Douglas's "social credit" also advocates citizen dividends. |
The Kucinich/AMI monetary reforms
are not directed to the financing of private sector growth. They would do nothing to universalize future
citizen access to shared economic power through direct ownership of capital and
wealth creation. AMI’s monetary reforms would empower the government to create
money as it needs to pay for public sector projects. Any surplus that is
generated by government creating money and spending it into the economy is to
be paid out to citizens in the form of a “Citizens Dividend.”
CESJ: While
CESJ’s (and Louis Kelso’s) concept of money is discussed in great detail in “What
is Money?”, “A New
Look at Prices and Money,” and Chapter 7 of Capital
Homesteading for Every Citizen, we can briefly define money as anything that can be used to
settle a debt or facilitate the exchange of marketable goods and services.
Most
economists will explain that money is: (1) a medium of exchange, (2) a store of
value, (3) a standard of value, and (4) a common measure of value. “Currency”
or “current money” involves a “commonly recognized determination of value,
often regulated, but need not be created, by government.”
Kelso: money is a symbol of production. |
Delving
deeper, lawyer-economist Louis Kelso illuminated the nature of money. He
understood the impact of contracts, private property, and credit arrangements
on the economic system — recognizing that money is, ultimately, a social tool
for measuring values used for the exchange of property rights:
Money is not a part
of the visible sector of the economy; people do not consume money. Money is not
a physical factor of production, but rather a yardstick for measuring economic
input, economic outtake and the relative values of the real goods and services
of the economic world. Money provides a method of measuring obligations,
rights, powers and privileges. It provides a means whereby certain individuals
can accumulate claims against others, or against the economy as a whole, or against
many economies. It is a system of symbols that many economists substitute for
the visible sector and its productive enterprises, goods and services, thereby
losing sight of the fact that a monetary system is a part only of the invisible
sector of the economy, and that its adequacy can only be measured by its effect
upon the visible sector. (Louis O. Kelso and Patricia Hetter, Two-Factor
Theory: The Economics of Reality. New York: Random House, 1967, 54.)
Essentially, as Kelso points out,
money is a symbol representing, and means for measuring, the economic value of
things being exchanged in commerce. It is not the things themselves. It is a
system of promises that obligates a party or parties to deliver value in an
agreed-upon form and within an agreed-upon time.
Money includes “coin,” “currency”
and “legal tender,” which are forms of money given legal status by Congress and
the Federal government. However, most money used by the private sector is
created in the form of demand deposits and through the acceptance of private
sector bills of exchange and similar instruments.

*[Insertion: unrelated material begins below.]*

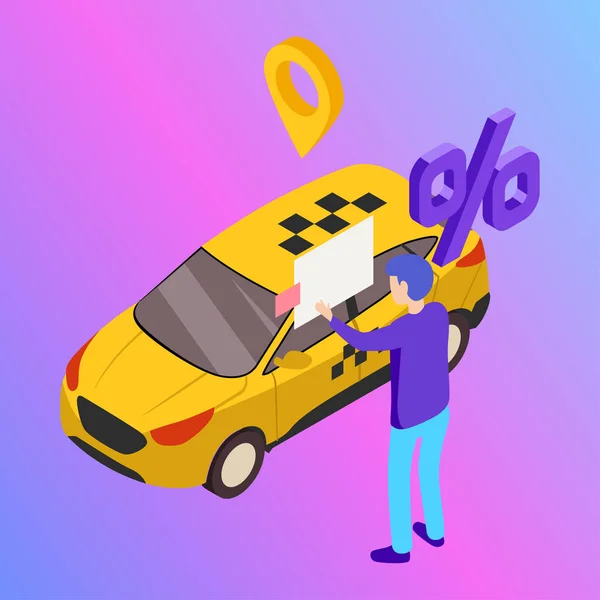 Taxi vector car illustration. Transport icon, symbol of transportation. Vehicle traffic banner design. Speed delivery. — Stock Vector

CESJ’s concept recognizes a much
broader definition of money than simply coin, currency, and demand deposits. It
requires that money must always be backed by something of value, and that money
must have a consistent way of being measured (a standard of value). CESJ
advocates the use of “future savings” as a way of financing new growth and escaping
the “slavery of past savings.” Money and credit based on “future savings” can
enable have-nots to acquire capital ownership paid with the future earnings of
the capital. Thereafter, the earnings of capital (dividends) would flow to its new
owners, which now can include every child, woman and man in society.
Money
is not a god to be worshiped. It is a “social tool,” an artifact of
civilization invented to facilitate economic transactions. Like any tool, money
can be used justly or unjustly. It can be used by those who control it to
suppress the independence and human potential of the many, or to achieve
economic liberation and universal prosperity.